En nuestro Caldo anterior cultivamos a
fuego breve las ideas del novelista e historiador Gore Vidal sobre la invención
de los Estados Unidos como nación, los debates en torno a la redacción de su
Constitución y el resultado histórico de ese experimento. Desde su fundación el
país buscó la plena libertad de su gente y las formas de controlar al gobierno.
La Carta Magna comienza diciendo “Nosotros la gente de los Estados Unidos”, para
dejar en claro que de la gente deriva el poder del gobierno, y además, que si
éste se excede en sus atribuciones corresponde a la gente ponerlo en su lugar.
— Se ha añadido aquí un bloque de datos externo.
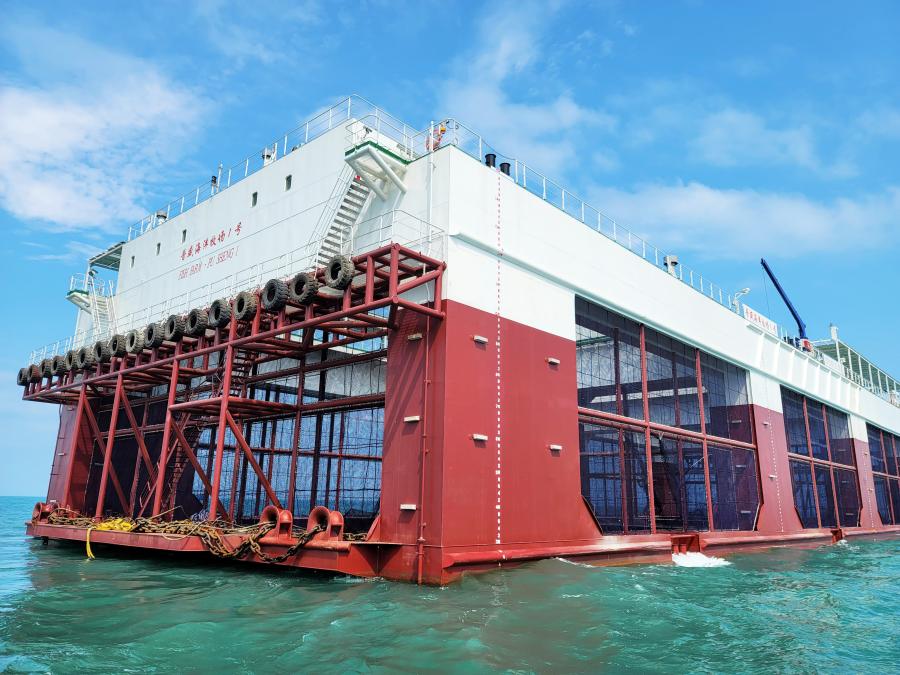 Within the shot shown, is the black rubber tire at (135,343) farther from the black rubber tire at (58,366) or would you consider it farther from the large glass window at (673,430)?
the large glass window at (673,430)

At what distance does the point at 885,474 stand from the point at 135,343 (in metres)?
50.8

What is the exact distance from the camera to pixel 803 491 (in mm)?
37812

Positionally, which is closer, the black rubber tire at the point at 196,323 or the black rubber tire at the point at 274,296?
the black rubber tire at the point at 274,296

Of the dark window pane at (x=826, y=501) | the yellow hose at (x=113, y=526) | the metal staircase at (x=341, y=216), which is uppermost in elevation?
the metal staircase at (x=341, y=216)

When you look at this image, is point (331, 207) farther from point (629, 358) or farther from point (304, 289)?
point (629, 358)

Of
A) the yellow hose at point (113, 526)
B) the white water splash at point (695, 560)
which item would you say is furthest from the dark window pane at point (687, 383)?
the yellow hose at point (113, 526)

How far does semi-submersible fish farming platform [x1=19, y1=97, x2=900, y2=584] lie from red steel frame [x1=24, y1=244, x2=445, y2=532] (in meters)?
0.10

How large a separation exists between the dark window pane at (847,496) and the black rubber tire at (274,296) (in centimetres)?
3678

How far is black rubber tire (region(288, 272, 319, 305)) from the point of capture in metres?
16.2

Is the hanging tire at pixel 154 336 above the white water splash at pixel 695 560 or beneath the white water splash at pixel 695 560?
above

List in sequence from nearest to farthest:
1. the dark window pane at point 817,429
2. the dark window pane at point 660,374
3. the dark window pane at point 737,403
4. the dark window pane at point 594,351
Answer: the dark window pane at point 594,351 < the dark window pane at point 660,374 < the dark window pane at point 737,403 < the dark window pane at point 817,429

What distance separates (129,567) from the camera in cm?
1770

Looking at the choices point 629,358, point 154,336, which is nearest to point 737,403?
point 629,358

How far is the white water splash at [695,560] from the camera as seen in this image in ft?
69.2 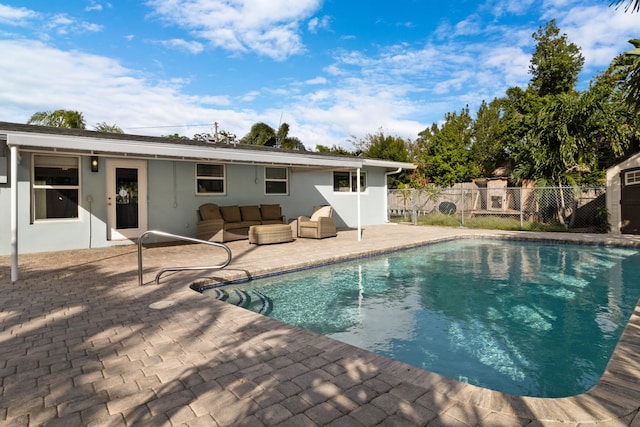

Como voz agorera aparece Benjamín Frankiln, quien preconiza un despotismo como
resultado de la futura e inevitable corrupción de la república, con el agravante
de encontrar entre los gobernados una disposición a aceptarlo.
En su libro
Perpetual War for Perpetual Peace (Nation Books, 2002) Vidal echa mano del
erudito napolitano Vico quien describió a principios del siglo XVIII el ciclo
orgánico de las sociedades humanas como un círculo que va del Caos a la
Teocracia, y de allí, a la Aristocracia que desemboca en Democracia. A causa de
la corrupción, estas repúblicas se convierten imperios tiránicos que
eventualmente colapsan y retroceden al Caos y la etapa Teocrática. Con esta
idea, Vidal escribe “actualmente los Estados Unidos es una república imperial
medianamente caótica que va de salida, nada malo a menos que haya una seria
epidemia de Caos en cuyo caso una nueva era religiosa estará sobre nosotros”. No
soy un teórico que pueda definir al detalle lo que deba entenderse como caos,
pero basta con ver el poder de los grupos conservadores cristianos en EEUU para
entender que la religión está bailando un apretado vals con el capitalismo
corporativo en the land of the free.
Para Vidal el gobierno
da claras señales de su despotismo al coartar las libertades civiles consagradas
en la Constitución y paulatinamente se hace rehén del fundamentalismo religioso.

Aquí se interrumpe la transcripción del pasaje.